City Limits
- Editor: Jarret Murphy
- Categories: non-profit journalism, investigative journalism
- Publisher: Fran Reilly
- Founder: Robert Schur, Ron Shiffman, Philip St. Georges
- Founded: 1976
- Final issue: 2012 (print)
- Based in: New York City
- Website: www.citylimits.org
- ISSN: 0199-0330

= City Limits (New York magazine) =

US nonprofit news organization

City Limits is a nonprofit news organization based in New York City. Since 1976, City Limits has published in-depth reporting on civic issues affecting the city's low- and moderate-income communities. Focused on civic issues related to housing, education, criminal justice, the environment, economic and government policy, City Limits publishes in-depth news and analysis daily.

==History==
City Limits was founded in February 1976 as a newsletter and resource for advocates in New York City's housing rehabilitation movement. The publication would expand to become an investigative monthly magazine that covered other major policy issues over the next three decades, establishing the Center for an Urban Future in 1996 as a research institution dedicated to exploring policy solutions that were featured in City Limits' reportage.

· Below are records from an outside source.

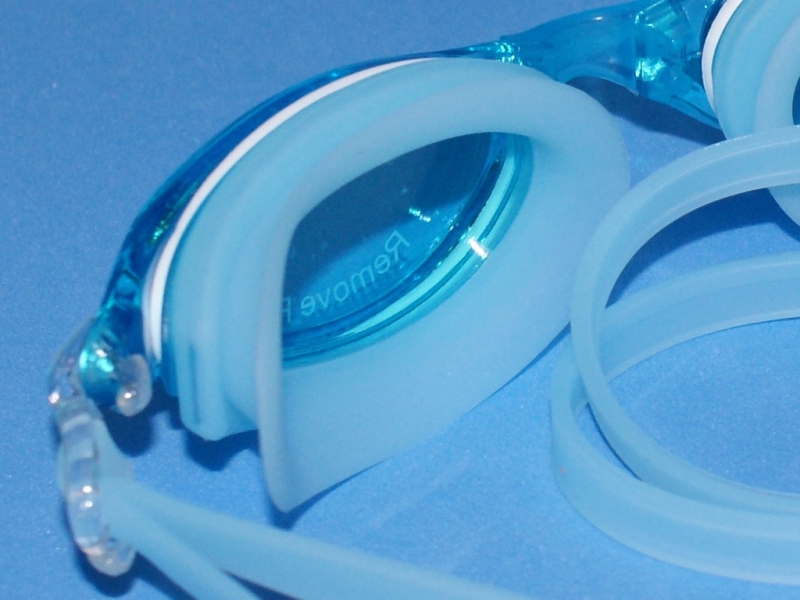 Очки для плавания BL-6800 (Голубые - Г)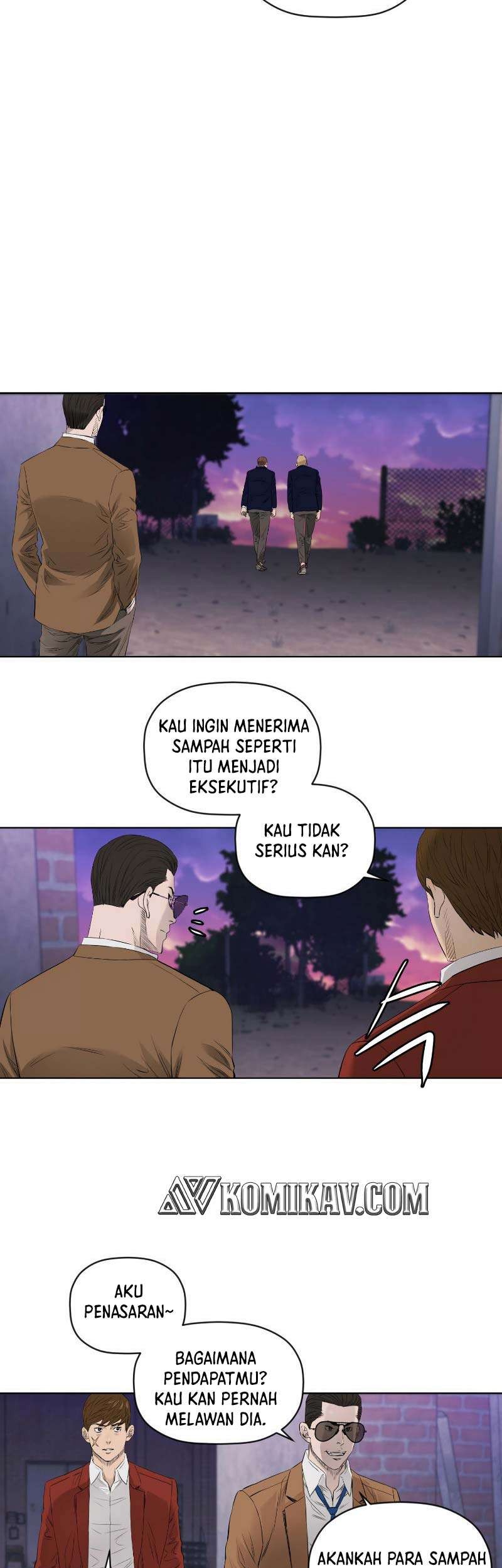 Second life of a Gangster Chapter 74 - halaman 23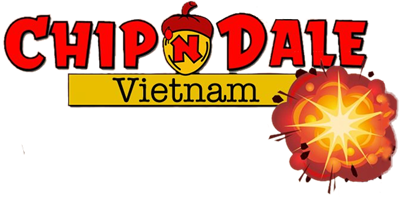 Chip & Dale 3: Vietnam - Clear Logo Image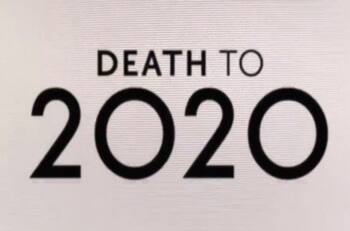 Creador de “Black Mirror” prepara falso documental sobre el horrible 2020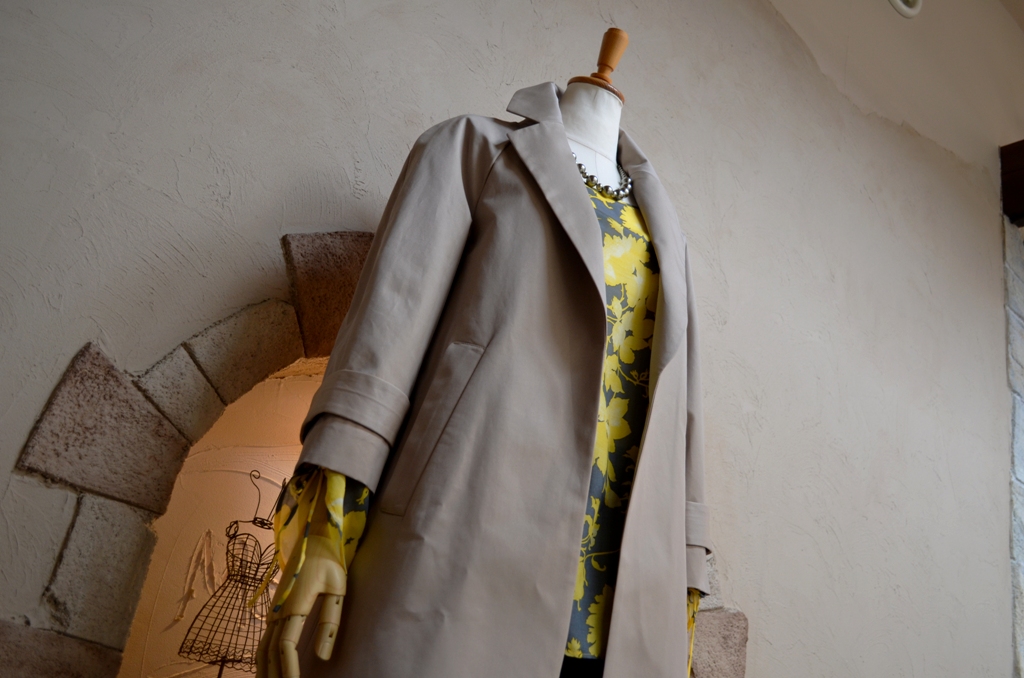 ”2014春～フラワープリントで大人の綺麗めカジュアルStyleを。。。”_d0153941_16282442.jpg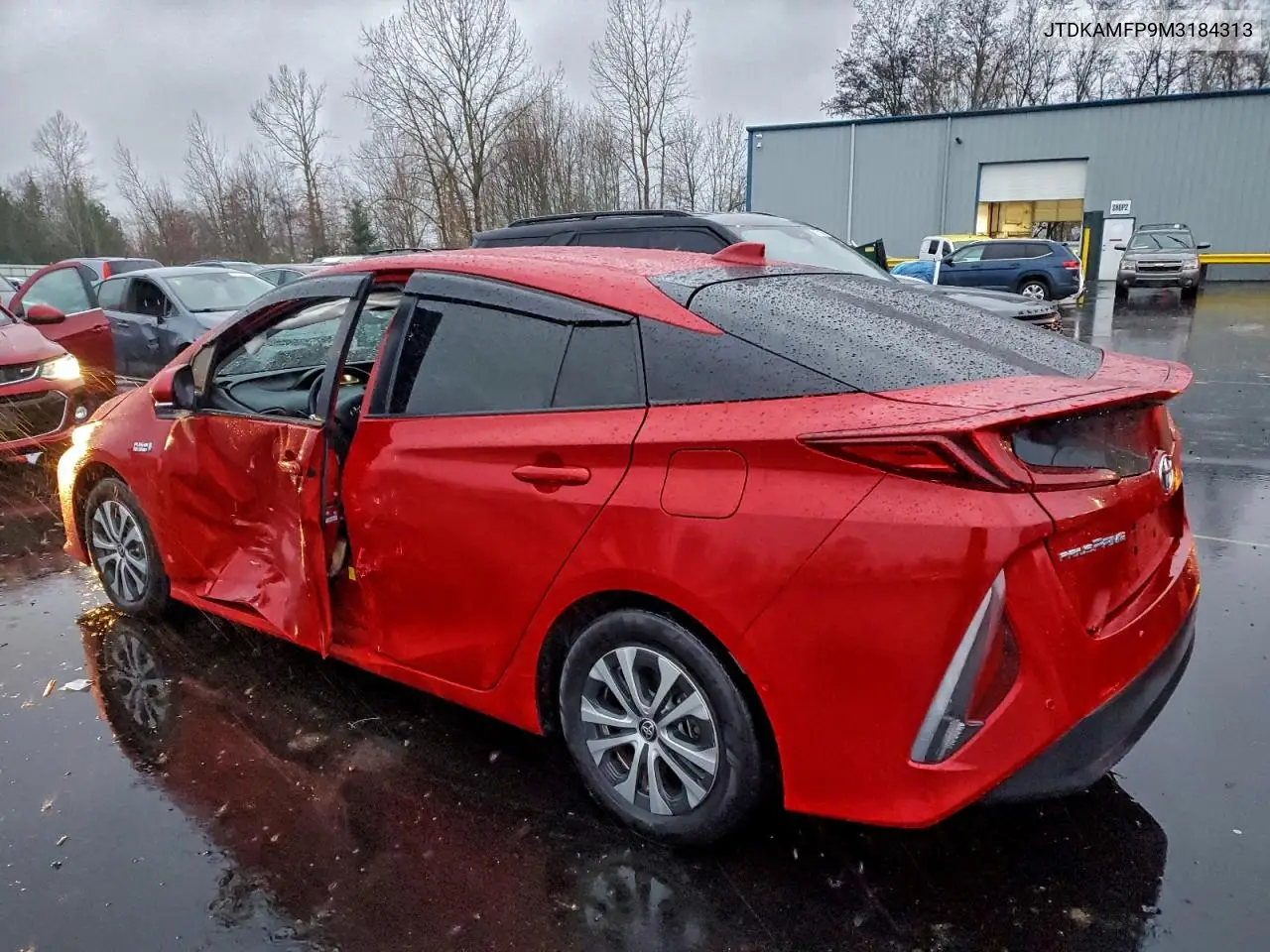 JTDKAMFP9M3184313 2021 Toyota Prius Prime Le
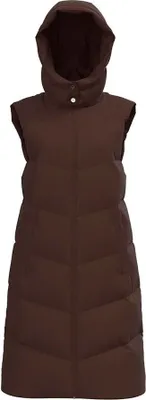 Produktbild von Pieces Jamilla Lange Weste Braun XS Frau Braun XS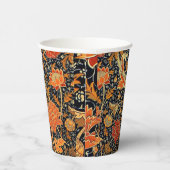レイ、美しいウィリアム・モリスデザイン。 紙コップ (右)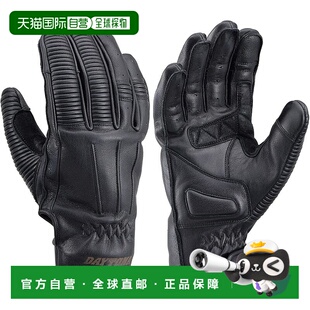 【日本直邮】Daytona 四季摩托车手套 复古可触屏 HBG-061 黑色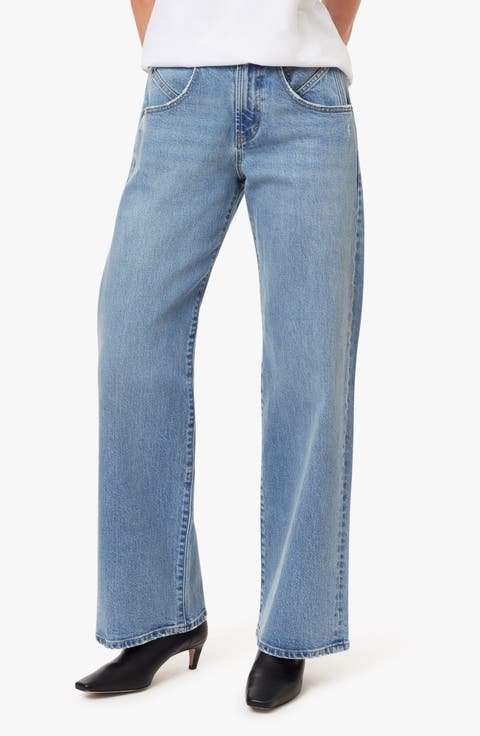 Blaine High Waist Straight Leg Jeans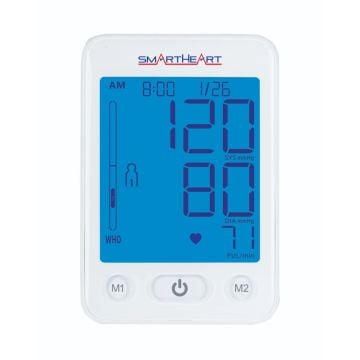 SmartHeart Talking Blood Pressure Arm Monitor
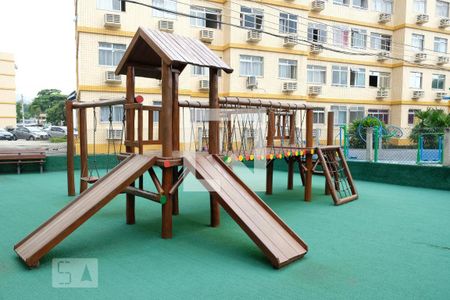 Área comum - Playground de apartamento à venda com 2 quartos, 60m² em Taquara, Rio de Janeiro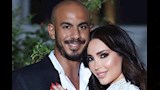 نسرين طافش وطليقها مدرب اليوجا شريف الشرقاوي  (1)
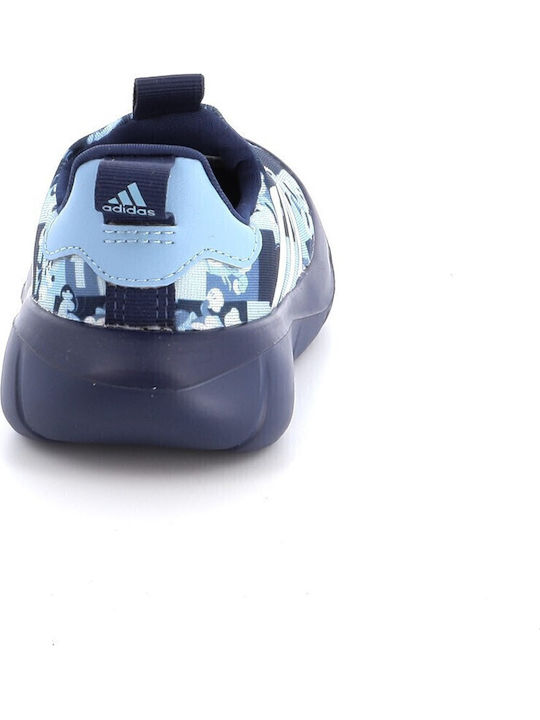 Monofit Παιδικά Sneakers Slip-on Μπλε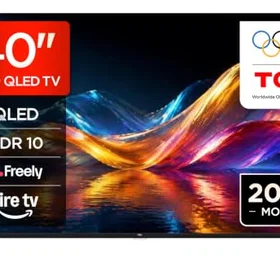 TCL 40" Full HD QLED Smart TV (2026) - 40V5D-UK
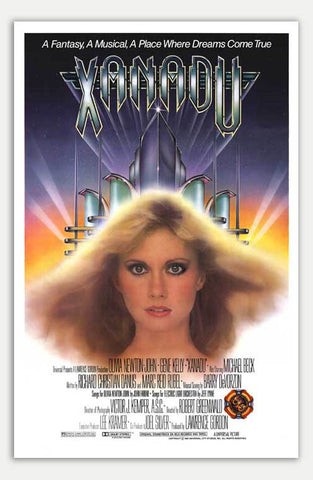 Xanadu - 11" x 17"  Movie Poster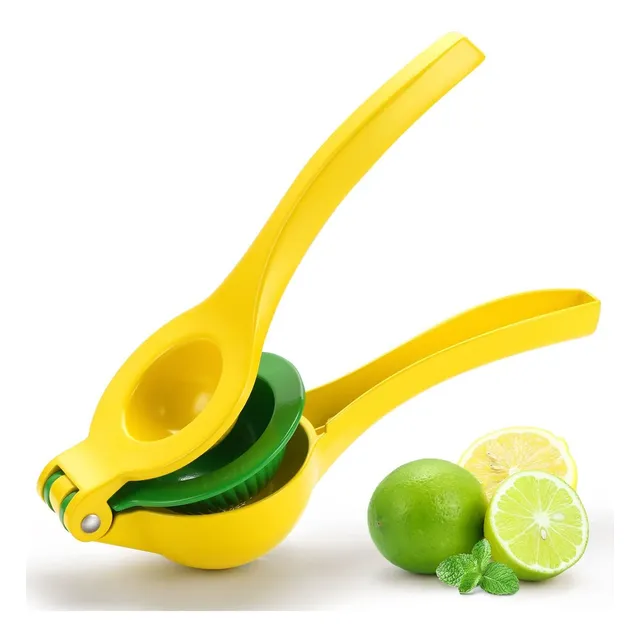 Exprimidor 2 1 Metal Limon Lima Mano Citrico Para Maxima Un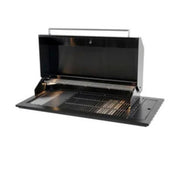Euro 3 Burner Black Built-In BBQ EAL1175DIBBQBL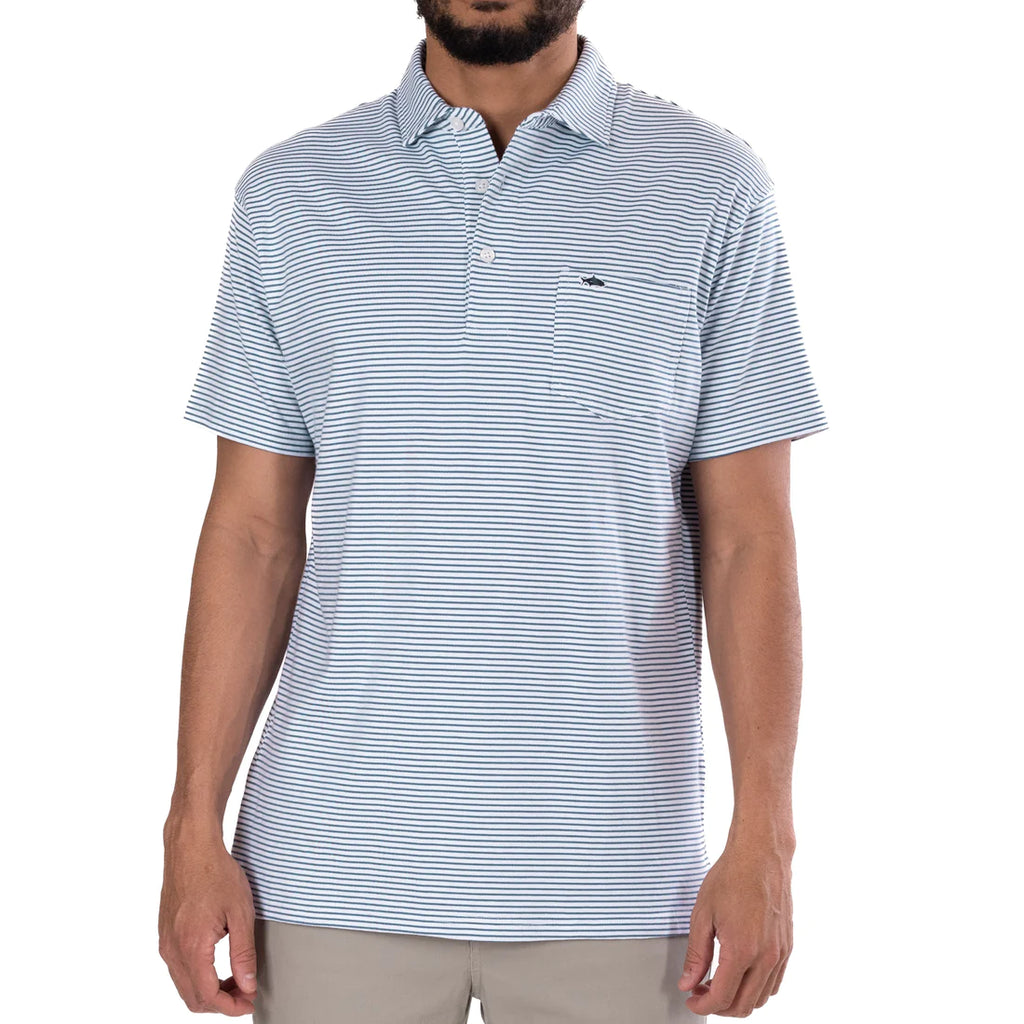 Pamlico Stripe Polo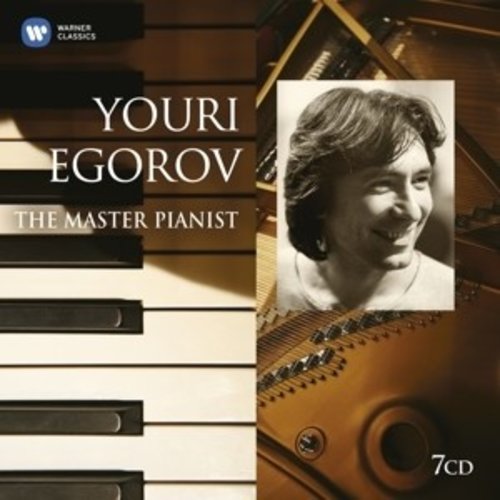 Erato/Warner Classics Yuri Egorov: The Master Pianis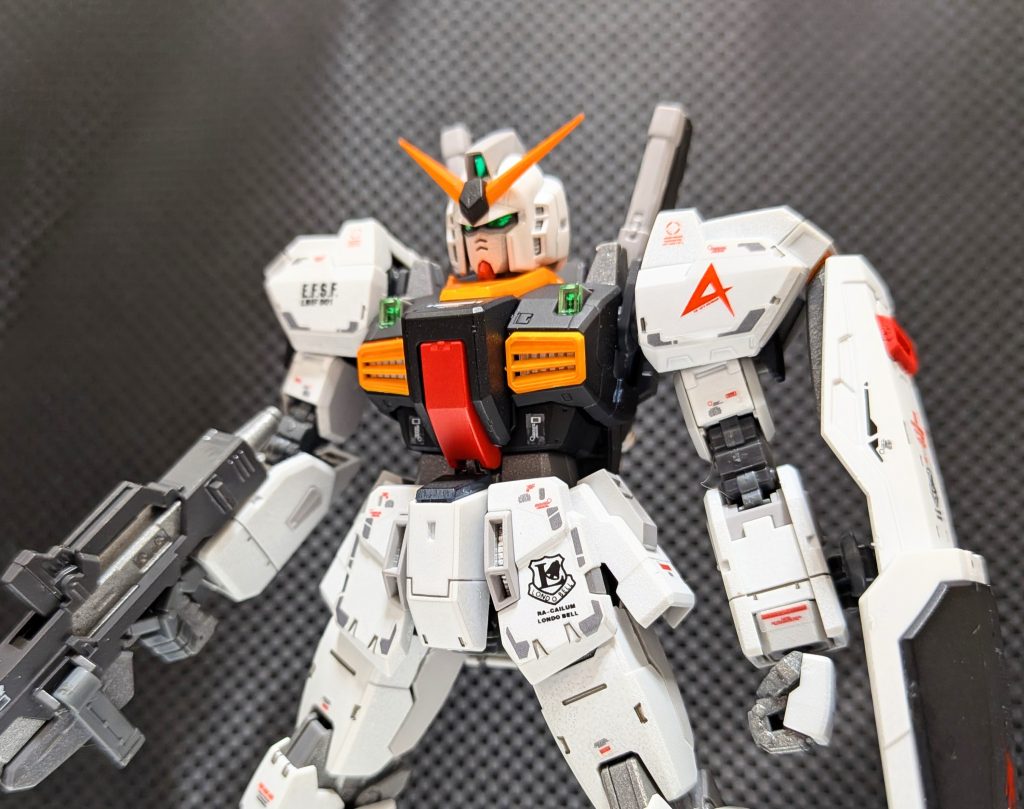 RX-178ガンダムマークII（アムロ専用カラー）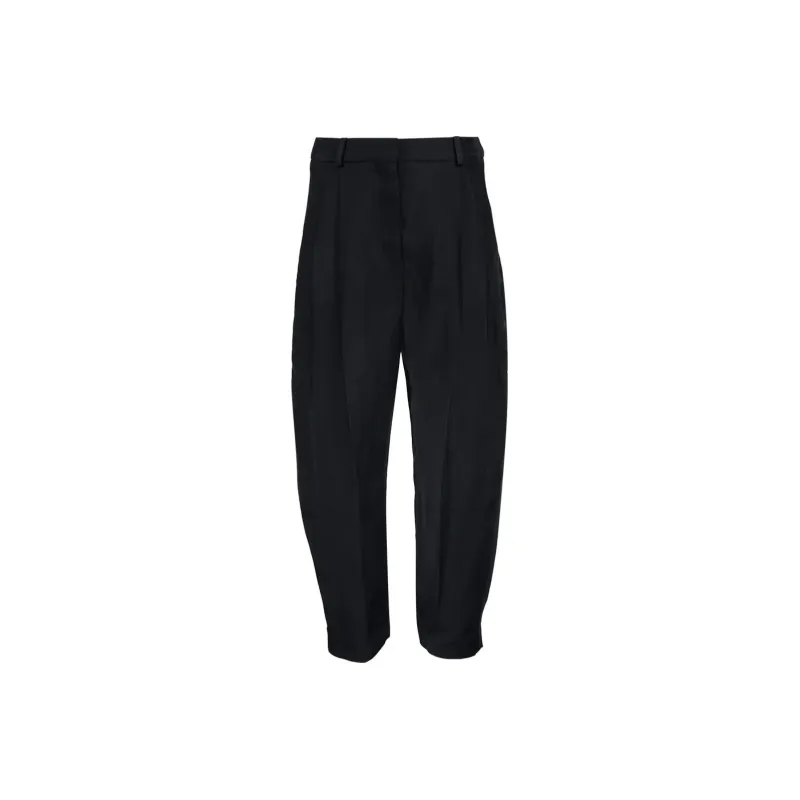 Stella McCartney High Waisted Loose Fit Trousers-0
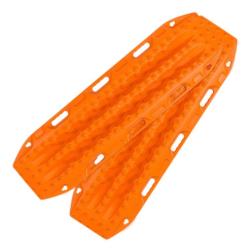 Plaques de d&eacute;sensablage MaxTrax, paire orange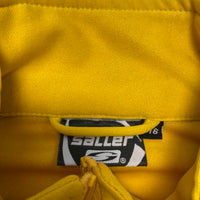 Saller Yellow and Black Tracksuit Jacket (S)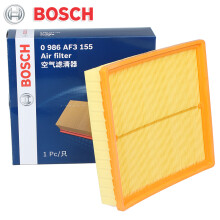 博世(BOSCH)空气滤芯空滤空气滤清器0986AF3155(适用于比亚迪G5/S6/S7(15-17款)/宋(16-19款)/速锐(12-14款))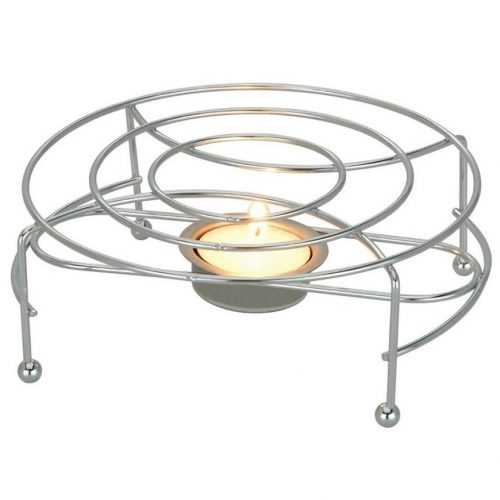 Ohřívač z nerezové oceli 19x17x5 Baumax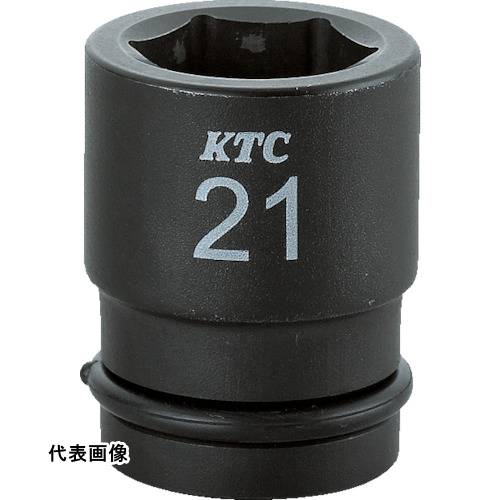 KTC 12.7sq.インパクトレンチ用ソケット(標準) ピン・リング付 対辺寸法30mm 全長47mm [BP4-30P] 販売単位：1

In 2009, City Limits was acquired by the Community Service Society of New York and re-launched as a single-issue bi-monthly magazine and weekly news website. The publication published a monthly printed magazine for many years and became an all-digital operation in 2012. At that point, it launched the online news website Brooklyn Bureau with support from the Brooklyn Community Foundation, and also acquired the Bronx News Network to create the Bronx Bureau. City Limits became an independent nonprofit in 2014.

==Recognition==
Since 2009, City Limits received several journalism awards for its investigations, including two Sigma Delta Chi Awards for the September 2010 report, "Risky Play: Was New York City's Shift to Artificial Grass a $300 Million Mistake", and the May 2011 investigation, "Behind Bars: Male Guards, Female Inmates and Sexual Abuse in New York State Prisons".

City Limits has been recognized for its reporting by the Park Center for Independent Media, the Society of Professional Journalists, the Journalism Center on Children & Families, the National Lesbian & Gay Journalists' Association, the National Education Writers' Association, the National Council on Crime & Delinquency, and the New York Community Media Alliance.

In October 2010, City Limits was recognized by the administration of New York City Mayor Michael Bloomberg as a "model for New York City and the rest of the nation."

City Limits was cited as an exemplary model by the John S. and James L. Knight Foundation and the United States White House.